Crianças ensaiam diariamente para a maratona de apresentações que estão por vir. Hoje, eles tocam no Teatro da UFPE. Com o violino posicionado abaixo do queixo, Natália arrisca as notas iniciais do primeiro movimento do Concerto em A menor, de Vivaldi. Erra, recomeça. Tenta outra vez. "Comece aqui na terceira corda", diz o paciente Luiz Carlos. Nervosa, erra outra vez, mas não desiste. Aos poucos, tocando devagar, as notas desafinadas vão se harmonizando. Há menos de um ano, Natália, dez anos, frequenta as aulas diárias oferecidas pelo Projeto Beneficiente Criança Cidadã, que completa neste mês a mesma idade dela. Para comemorar a data redonda, o carro-chefe do projeto, a Orquestra Criança Cidadã, apresenta-se hoje no palco do Teatro da UFPE, a partir das 19h30.
O concerto também comemora um bom começo de ano. Passados quase 4 anosde sua criação, a orquestra é hoje sinônimo de projeto social de sucesso, no estado. Está concorrendo a um prêmio internacional na área e é a principal atração de outro projeto, o Circulação de Música Instrumental, que tem início na próxima quinta-feira. "O Circulação tem um caráter social muito forte, e quando pensamos em alguma ação social que trabalhe com música, a orquestra foi o que primeiro grupo que veio à memória. É uma referência", explica Rinaldo Ferraz, um dos gerentes da A-Sim, produtora do evento.
No primeiro e segundo módulos do Circulação, os meninos e meninas da orquestra, todos moradores do Coque, vão tocar dentro de escolas da rede pública, em quatro cidades. Depois, à noite, fazem um concerto aberto ao público. Recife, Olinda, Caruaru e Garanhuns vão receber as duas primeiras etapas do projeto, que captou R$ 795 mil através da lei Rouanet. Triunfo e Petrolina vão receber o último módulo, no segundo semestre.

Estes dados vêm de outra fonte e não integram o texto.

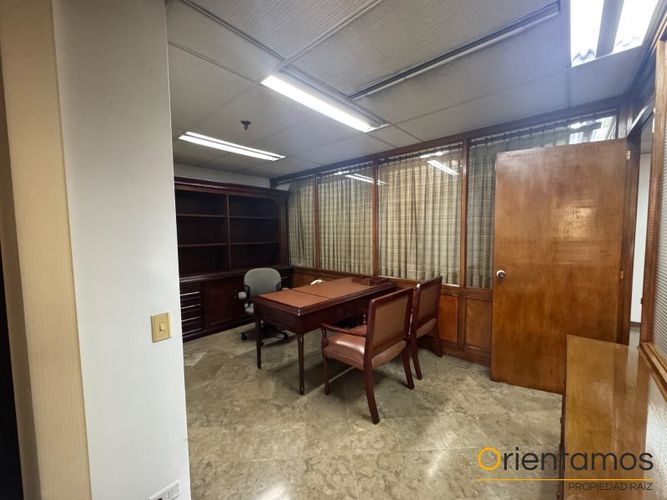 Oficina en Venta en El Poblado, Medellín - Miniatura 4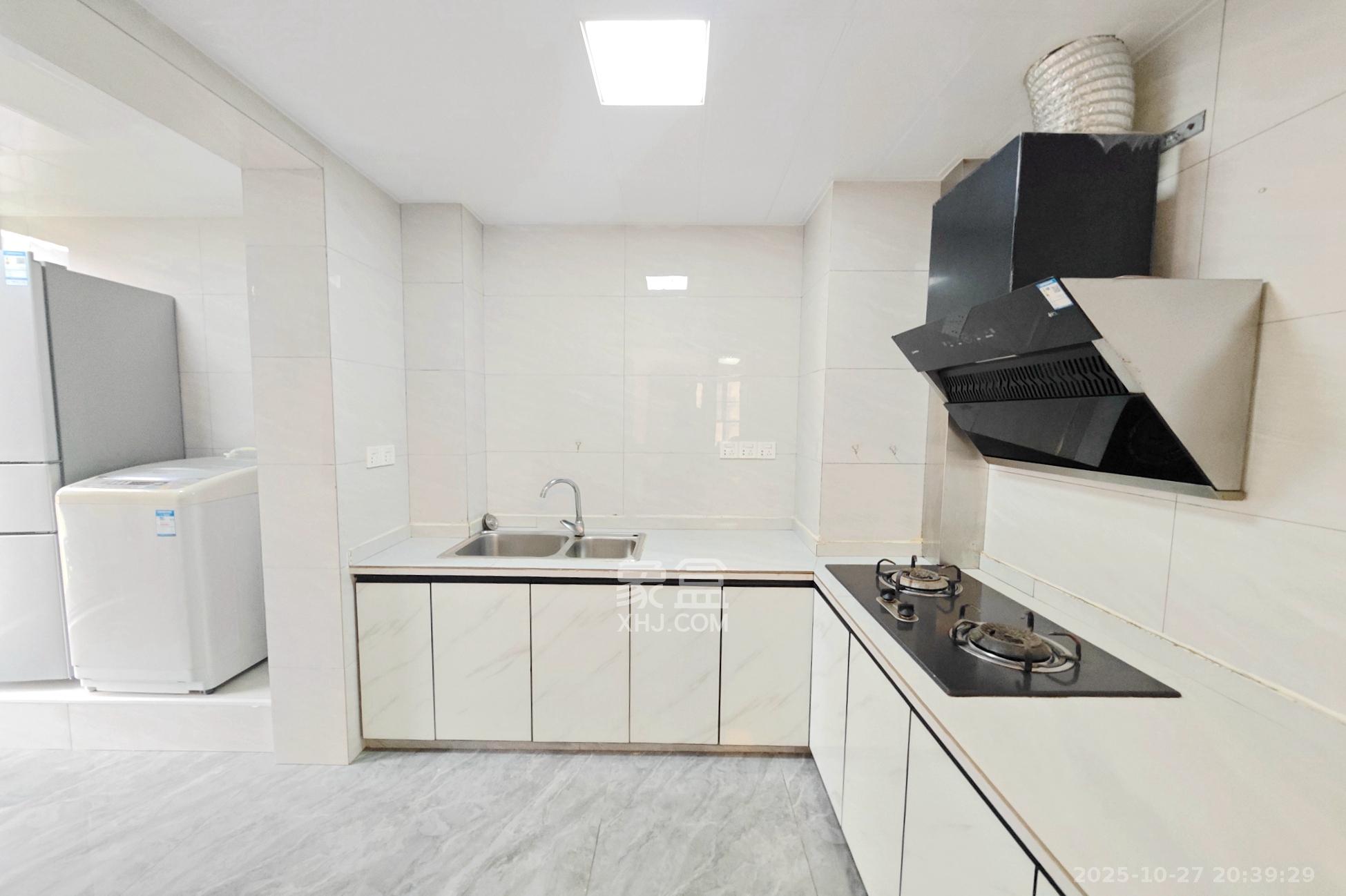 保利大都汇四期  3室2厅1卫    129.0万 保利大都汇四期  3室2厅1卫    129.0万厨房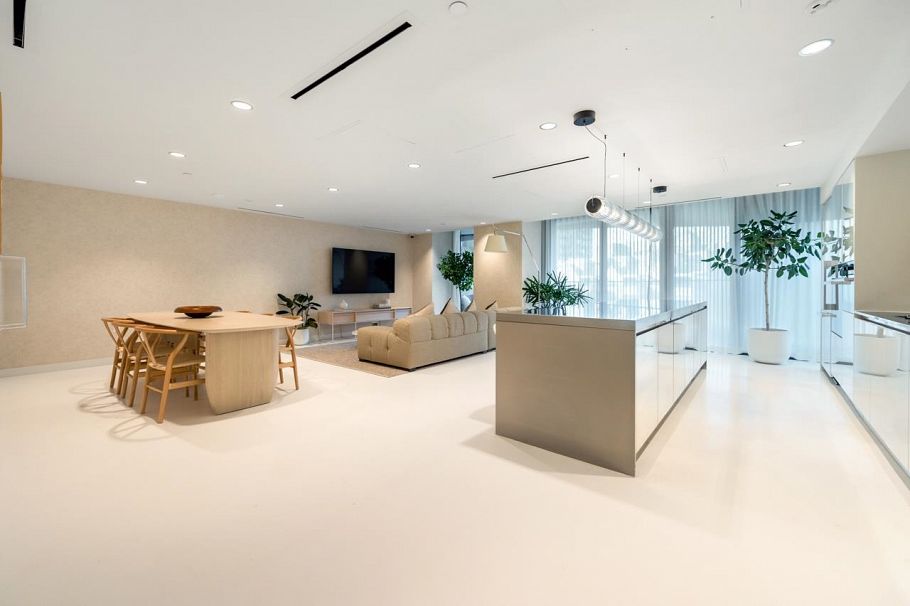 3202 1033 Nelson Street Vancouver, BC - 32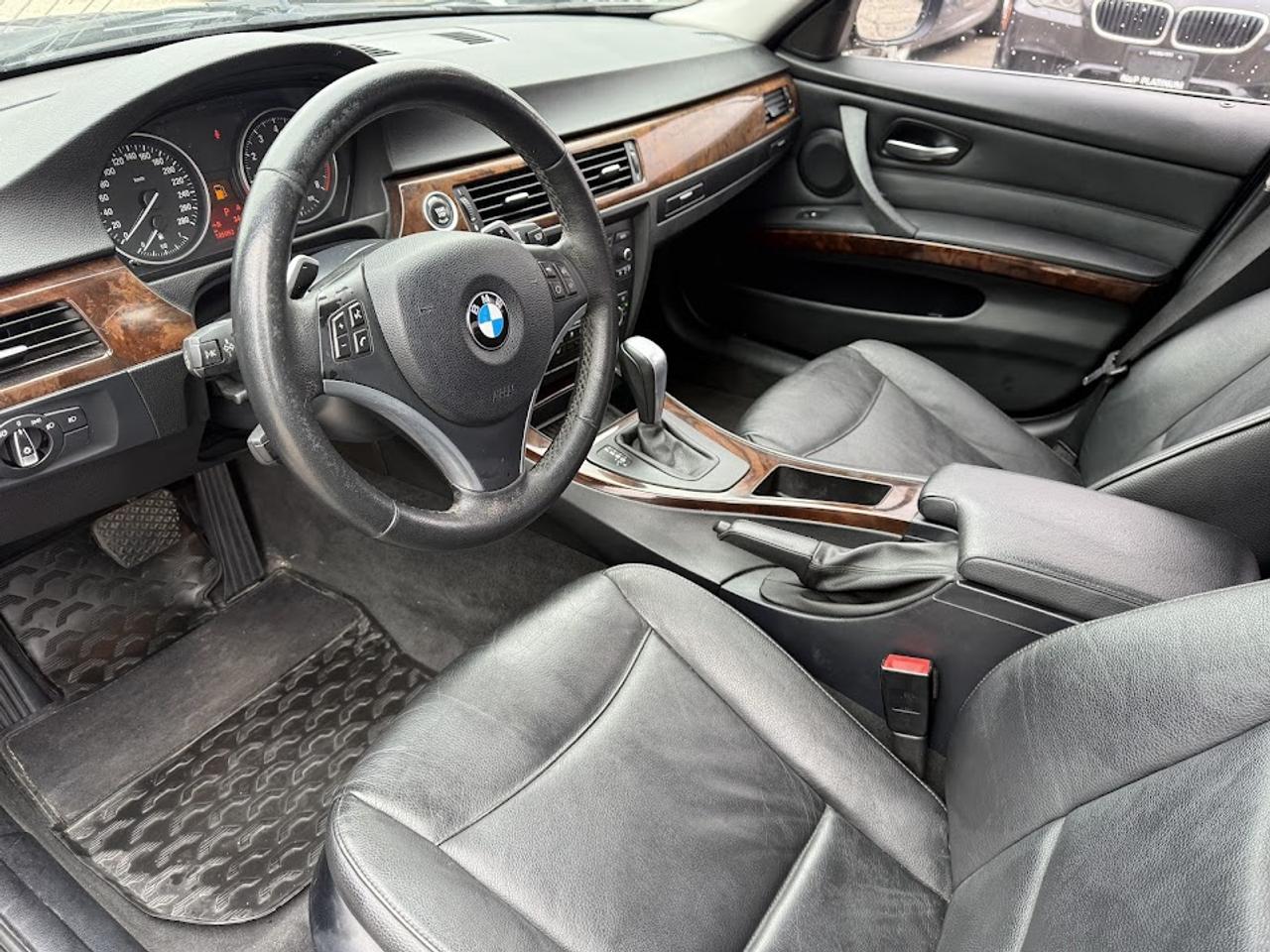 2011 BMW 3-Series 335i xDrive Photo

Mas para este ano, o projeto mais ambicioso da Orquestra é a construção de uma sala de concertos própria, com 700 lugares. "A mesma capacidade do Teatro de Santa Isabel", destaca o coordenador geral do grupo, o juiz João José Rocha Targino. Já batizada de Sala de Concertos Presidente Lula, o espaço está orçado em R$ 4 milhões, que deverão ser arrecadados junto à iniciativa privada. "O presidente deve assinar em breve a cessão de direito de uso de um terreno da Marinha que fica em frente ao quartel do Cabanga, onde a orquestra ensaia", adianta o desembargador Nildo Neri dos Santos, presidente da Projeto Beneficiente Criança Cidadã.
Profissionalização - Quase todos os 130 jovens têm o sonho de se profissionalizar na música. Apaixonada pelas composições de Haydn e Brahms, a violoncelista Bianca de Cássia, de 14 anos, se impôs a meta de tocar em um grande conjunto europeu. "Daqui do Brasil, só gosto da Orquestra Sinfônica de São Paulo", diz a menina, que tem aula de alemão todo sábado, dentro do projeto.
"A noção do que é a vida mudou", afirma Luiz Carlos, o monitor, sobre o despertar para amúsica. "Vida não é só brincar. É também trabalho, estudo. Cada um tem sua hora", diz Carlos, que hoje só ouve música instrumental. "Meu favorito é Mozart. Ele faz uma música bonita, delicada e com estilo", avalia o jovem de 15 anos.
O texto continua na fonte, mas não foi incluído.